I ended up in the clutches of the Integrity until Solderburn got me out, but they ended up capturing him instead.’

‘So I heard. Won’t you both take a seat?’

‘We didn’t come here to eat, Alex.’

‘Please, it’s Sandman here. You both must be hungry.’

‘I am. And what I really want is soggy chips from the staff canteen, or even one of those manky attempts at curry they sometimes
pass off.’

‘Weird what you miss, huh?’ Sandman replied, seriously not getting it. ‘If you give me a while I can probably synthesise an
approximation of—’

‘His girlfriend’s pregnant,’ Juno interjected. ‘He needs to get back to her. I need to get back to my daughter. We came here
because we’re tired of the mushroom treatment: being left in the dark and fed on shit. Solderburn was rumoured to have found
a way out. What do you know about it?’

Sandman shook his head apologetically and tore a chicken leg from a richly browned bird.

‘I know there
is
no way out. It was just a rumour that grew in the void. I don’t know where Solderburn went for so long; he could have gone
nowhere, just lived anonymously without all the hassle. I’m sorry. I’ve been here longer than just about
anybody else: hence the term Original. That means I’ve looked longer for the same things as you, so I know what can and can’t
be found. The old world is gone, and one thing I know better than most is that accepting that fact is the key to finding happiness
here.’

Ross looked around at the Sandman’s happiness: at his malleable fairytale world, his groaning but calorie-free table and his
NPC harem of what were literally fuck-toys. In the old world, his bitch of an ex-wife had driven over him in a freight train,
so this might be understandable, but it was still pretty fucking sad.

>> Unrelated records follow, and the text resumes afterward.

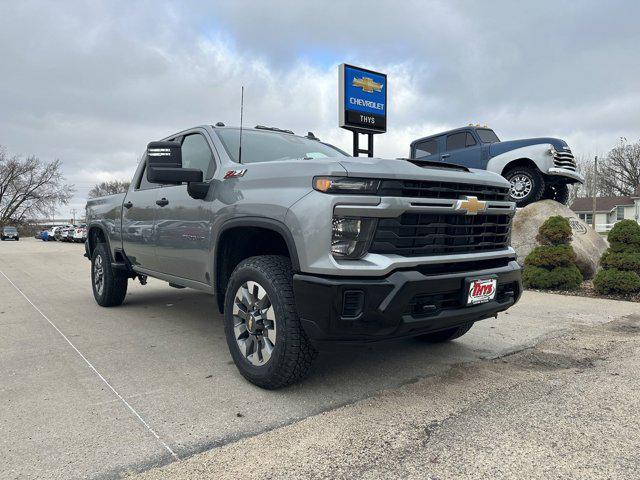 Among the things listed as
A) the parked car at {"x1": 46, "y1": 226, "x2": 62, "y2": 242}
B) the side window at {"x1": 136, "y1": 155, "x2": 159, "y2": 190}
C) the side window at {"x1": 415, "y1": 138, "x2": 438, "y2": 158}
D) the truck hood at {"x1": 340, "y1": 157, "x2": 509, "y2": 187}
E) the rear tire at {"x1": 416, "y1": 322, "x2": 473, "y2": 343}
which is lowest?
the parked car at {"x1": 46, "y1": 226, "x2": 62, "y2": 242}

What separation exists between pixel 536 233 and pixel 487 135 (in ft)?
9.02

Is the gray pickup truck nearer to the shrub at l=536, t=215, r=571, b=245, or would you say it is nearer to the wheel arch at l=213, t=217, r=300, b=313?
the wheel arch at l=213, t=217, r=300, b=313

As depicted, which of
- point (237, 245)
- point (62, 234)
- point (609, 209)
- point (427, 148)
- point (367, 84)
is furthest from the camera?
point (609, 209)

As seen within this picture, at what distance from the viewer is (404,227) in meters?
2.85

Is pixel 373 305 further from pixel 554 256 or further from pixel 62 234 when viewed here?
pixel 62 234

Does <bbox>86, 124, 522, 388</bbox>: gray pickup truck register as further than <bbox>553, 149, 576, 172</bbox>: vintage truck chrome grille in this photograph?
No

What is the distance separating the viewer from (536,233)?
9227 millimetres

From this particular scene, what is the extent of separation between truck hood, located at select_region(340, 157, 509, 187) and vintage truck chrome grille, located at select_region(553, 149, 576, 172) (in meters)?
7.01

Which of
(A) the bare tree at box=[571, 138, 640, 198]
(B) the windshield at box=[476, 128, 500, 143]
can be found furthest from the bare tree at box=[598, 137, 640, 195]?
(B) the windshield at box=[476, 128, 500, 143]

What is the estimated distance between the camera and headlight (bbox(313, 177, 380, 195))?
2.77 m

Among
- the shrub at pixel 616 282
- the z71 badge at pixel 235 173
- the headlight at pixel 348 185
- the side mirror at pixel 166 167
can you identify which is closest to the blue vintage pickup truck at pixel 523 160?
the shrub at pixel 616 282

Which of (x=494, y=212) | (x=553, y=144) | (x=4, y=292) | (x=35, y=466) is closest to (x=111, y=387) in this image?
(x=35, y=466)

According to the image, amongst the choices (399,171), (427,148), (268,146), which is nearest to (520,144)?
(427,148)

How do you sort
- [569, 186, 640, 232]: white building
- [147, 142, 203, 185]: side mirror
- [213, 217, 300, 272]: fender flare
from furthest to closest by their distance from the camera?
1. [569, 186, 640, 232]: white building
2. [147, 142, 203, 185]: side mirror
3. [213, 217, 300, 272]: fender flare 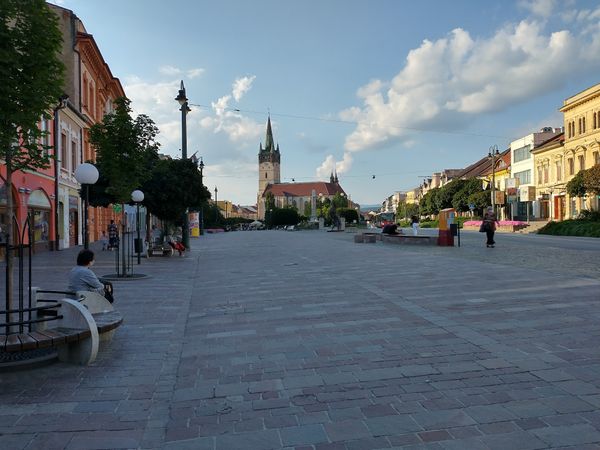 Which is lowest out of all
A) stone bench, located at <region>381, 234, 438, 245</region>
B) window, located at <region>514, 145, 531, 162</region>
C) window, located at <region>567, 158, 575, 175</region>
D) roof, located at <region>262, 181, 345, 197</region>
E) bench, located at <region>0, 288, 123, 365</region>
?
bench, located at <region>0, 288, 123, 365</region>

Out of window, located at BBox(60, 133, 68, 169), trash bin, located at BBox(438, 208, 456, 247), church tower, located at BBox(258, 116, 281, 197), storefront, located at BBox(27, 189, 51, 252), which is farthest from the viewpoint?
church tower, located at BBox(258, 116, 281, 197)

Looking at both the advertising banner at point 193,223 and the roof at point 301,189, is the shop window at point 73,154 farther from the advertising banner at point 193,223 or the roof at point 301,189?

‘No offence, mate, but I don’t think you were looking for quite the same things as me. Leaving the old world was no great
loss to you. You love it here. You’re in heaven.’

‘I
found
heaven, and not right away. I made it heaven. You can too. You’ve seen what’s possible in this place. There is nothing in
the old world that you can’t have here, only better.’

‘Can I see my baby when it’s born?’ Ross replied. ‘My sisters’ kids? Can Juno see her daughter? Guy I met on Graxis called
Bob, an accountant from Leicester: can he see his family again?’

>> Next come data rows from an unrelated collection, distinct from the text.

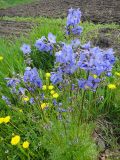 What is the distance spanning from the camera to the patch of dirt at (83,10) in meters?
9.40

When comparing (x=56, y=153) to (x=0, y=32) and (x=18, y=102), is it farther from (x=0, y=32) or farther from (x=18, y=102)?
(x=0, y=32)

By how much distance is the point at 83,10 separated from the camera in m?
10.6

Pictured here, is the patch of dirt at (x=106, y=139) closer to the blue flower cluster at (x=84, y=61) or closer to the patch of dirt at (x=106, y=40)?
the blue flower cluster at (x=84, y=61)

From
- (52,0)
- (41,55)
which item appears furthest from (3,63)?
(52,0)

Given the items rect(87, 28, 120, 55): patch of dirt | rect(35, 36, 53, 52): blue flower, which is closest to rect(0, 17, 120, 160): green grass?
rect(35, 36, 53, 52): blue flower

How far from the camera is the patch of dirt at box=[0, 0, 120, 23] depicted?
940 cm

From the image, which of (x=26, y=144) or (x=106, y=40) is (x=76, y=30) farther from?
(x=106, y=40)

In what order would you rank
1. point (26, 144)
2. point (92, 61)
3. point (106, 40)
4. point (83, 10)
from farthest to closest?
point (83, 10), point (106, 40), point (26, 144), point (92, 61)

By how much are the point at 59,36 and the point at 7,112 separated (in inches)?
64.7

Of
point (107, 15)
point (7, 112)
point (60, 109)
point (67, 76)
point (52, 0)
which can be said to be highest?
point (67, 76)

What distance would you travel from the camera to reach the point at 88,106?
147 inches

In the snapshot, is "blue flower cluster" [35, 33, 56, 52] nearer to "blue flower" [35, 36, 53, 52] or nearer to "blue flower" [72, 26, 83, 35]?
"blue flower" [35, 36, 53, 52]

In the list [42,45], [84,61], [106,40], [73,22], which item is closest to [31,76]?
[42,45]

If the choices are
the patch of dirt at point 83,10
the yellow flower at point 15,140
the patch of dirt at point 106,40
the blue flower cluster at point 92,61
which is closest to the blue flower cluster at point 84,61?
the blue flower cluster at point 92,61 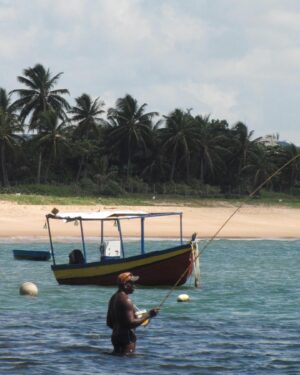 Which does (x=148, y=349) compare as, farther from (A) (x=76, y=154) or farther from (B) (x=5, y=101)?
(B) (x=5, y=101)

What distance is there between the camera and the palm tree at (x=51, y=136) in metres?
77.1

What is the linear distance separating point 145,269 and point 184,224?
97.2 ft

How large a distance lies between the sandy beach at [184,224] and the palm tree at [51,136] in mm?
14251

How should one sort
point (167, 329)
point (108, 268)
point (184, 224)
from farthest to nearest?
point (184, 224) < point (108, 268) < point (167, 329)

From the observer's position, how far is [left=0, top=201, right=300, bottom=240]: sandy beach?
50.6 metres

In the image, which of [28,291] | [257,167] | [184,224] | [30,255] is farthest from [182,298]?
[257,167]

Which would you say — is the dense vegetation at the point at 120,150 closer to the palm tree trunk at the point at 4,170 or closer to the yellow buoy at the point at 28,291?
the palm tree trunk at the point at 4,170

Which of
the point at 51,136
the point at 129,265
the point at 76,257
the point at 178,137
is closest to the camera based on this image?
the point at 129,265

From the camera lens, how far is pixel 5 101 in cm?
8469

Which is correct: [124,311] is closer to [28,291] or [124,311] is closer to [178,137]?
[28,291]

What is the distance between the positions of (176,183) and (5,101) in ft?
54.0

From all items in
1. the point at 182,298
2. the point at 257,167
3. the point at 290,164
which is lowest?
the point at 182,298

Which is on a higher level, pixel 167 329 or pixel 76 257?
pixel 76 257

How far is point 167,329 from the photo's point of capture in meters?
20.4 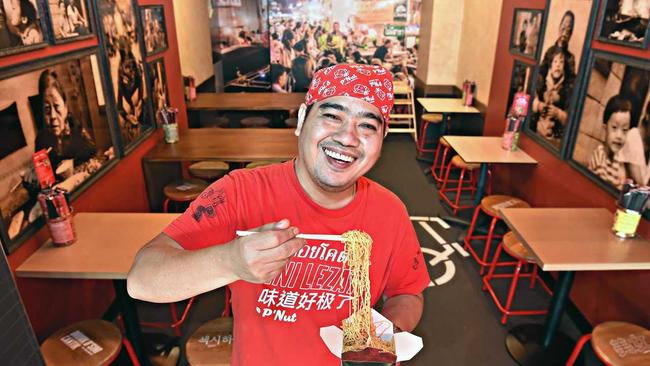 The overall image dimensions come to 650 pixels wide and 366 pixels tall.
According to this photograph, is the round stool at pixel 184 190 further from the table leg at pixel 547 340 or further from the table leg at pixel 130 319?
the table leg at pixel 547 340

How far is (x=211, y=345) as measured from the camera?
7.00 ft

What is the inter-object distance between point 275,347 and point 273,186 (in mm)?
513

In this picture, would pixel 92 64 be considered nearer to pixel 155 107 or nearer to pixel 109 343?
pixel 155 107

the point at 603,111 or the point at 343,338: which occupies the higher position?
the point at 603,111

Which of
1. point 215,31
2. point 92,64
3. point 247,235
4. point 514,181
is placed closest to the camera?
point 247,235

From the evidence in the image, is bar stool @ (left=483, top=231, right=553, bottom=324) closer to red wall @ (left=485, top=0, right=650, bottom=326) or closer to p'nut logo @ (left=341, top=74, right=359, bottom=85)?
red wall @ (left=485, top=0, right=650, bottom=326)

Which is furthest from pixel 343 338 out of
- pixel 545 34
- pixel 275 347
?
pixel 545 34

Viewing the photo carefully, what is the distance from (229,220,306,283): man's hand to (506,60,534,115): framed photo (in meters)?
3.92

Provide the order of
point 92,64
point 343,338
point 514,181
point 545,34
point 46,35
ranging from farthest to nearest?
1. point 514,181
2. point 545,34
3. point 92,64
4. point 46,35
5. point 343,338

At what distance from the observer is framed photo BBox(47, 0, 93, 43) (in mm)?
2516

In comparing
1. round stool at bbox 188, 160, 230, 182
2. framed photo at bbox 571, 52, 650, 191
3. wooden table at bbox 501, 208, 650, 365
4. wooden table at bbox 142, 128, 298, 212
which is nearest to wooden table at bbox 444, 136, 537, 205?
framed photo at bbox 571, 52, 650, 191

The Sandman nodded understandingly, putting down the remains of the chicken leg.

‘These are painful wounds, but there’s nothing we can do about them other than pick up the pieces and build new lives here.
And right now we have to look to
preserving
those lives. We’re facing the greatest threat this place has ever known. Look what happened to Calastria. Worlds are corrupting.
Getting to the bottom of that is far more important than pursuing some pointless quest.’

‘I don’t give a fuck about the corruption,’ Ross yelled, raging in the face of the Sandman’s detachment. ‘I don’t care if
this whole damned dimension disappears up its own digital dung-hole. I want to know how I got here and I want to know how
I leave. Basic principles must still apply. For every action, there is an equal and opposite reaction. If there is a way into
somewhere, there must be a way out. You remember back in Stirling we once talked about Bostrom’s simulation argument? Well
that’s what I think this is: an ancestor simulation, except it’s been hacked, and the “real world” simulated environment has
bled
into gameworld simulated environments. So even if what we knew as reality was always a simulation, there must be a way back
to
that
simulation, because—’

Ross’s rant was halted by the appearance of a god-like hand above him, which picked him up and dangled him in the air.

‘You don’t give a fuck about the corruption?’ the Sandman asked. ‘Okay, let’s see if we can extract one or two.’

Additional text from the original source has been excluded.